Zwei Formen derselben
Politik
Der Streit zwischen
Parteichef Beck und Müntefering ist keiner zwischen einem Linken
und einem Rechten. Personen sind nicht die Ursache für den
Neoliberalismus. Einzelne drücken diese Politik nur aus, sofern sie
diese verantwortlich durchführen müssen.
Müntefering selbst
ist ein Beispiel: Vor Jahren noch als „sozialdemokratisches
Gewissen" gehandelt, gilt er jetzt als Statthalter der
Agenda-Politik. Selbstverständlich haben grundsätzliche
Kursschwenks in Parteien meist auch personelle Konsequenzen.
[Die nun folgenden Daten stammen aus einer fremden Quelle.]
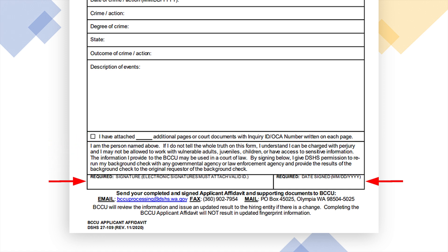Sign and date your form — BCCU will reject your affidavit if it is not signed and dated. Electronic signatures are accepted only if accompanied by a valid government-issued picture identification. Handwritten signatures do not require an ID.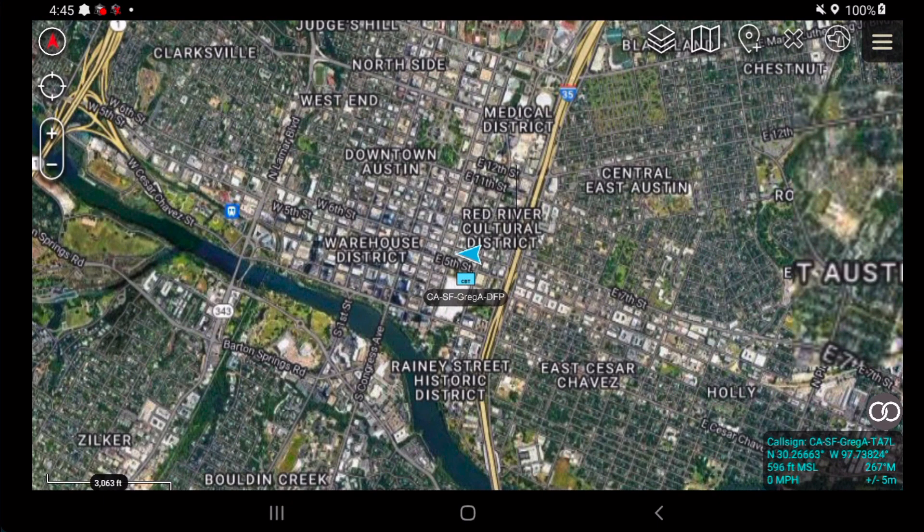Hey everyone, Greg Albrecht here. I want to walk through how to install and use the Fused Sidecar app.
Doch den
Müntefering-Rücktritt dort einzuordnen, wäre
übertrieben.
Denn die Differenz
zwischen Beck und Müntefering ist nur taktischer Art. Beck setzt
auf Erhalt der SPD durch Profilschärfung bei gleichzeitiger
Beibehaltung des Agenda-Kurses. Er nimmt dabei den Widerspruch zur
CDU und zwischen Worten und Taten in Kauf.
Müntefering hingegen
ist „staatsmännischer" gewesen. Er hoffte darauf, dass die
Anerkennung der SPD-Politik durch das Kapital in der eigenen
Mitgliedschaft zu „Stolz" führt.
In Zeiten scharfer
Gegensätze von Arbeit und Kapital sind beide Taktiken fruchtlos.
Weil die SPD keine sozialen Verbesserungen im notwendigen Ausmaß
liefern kann, wird sie auch ihren Niedergang nicht aufhalten können.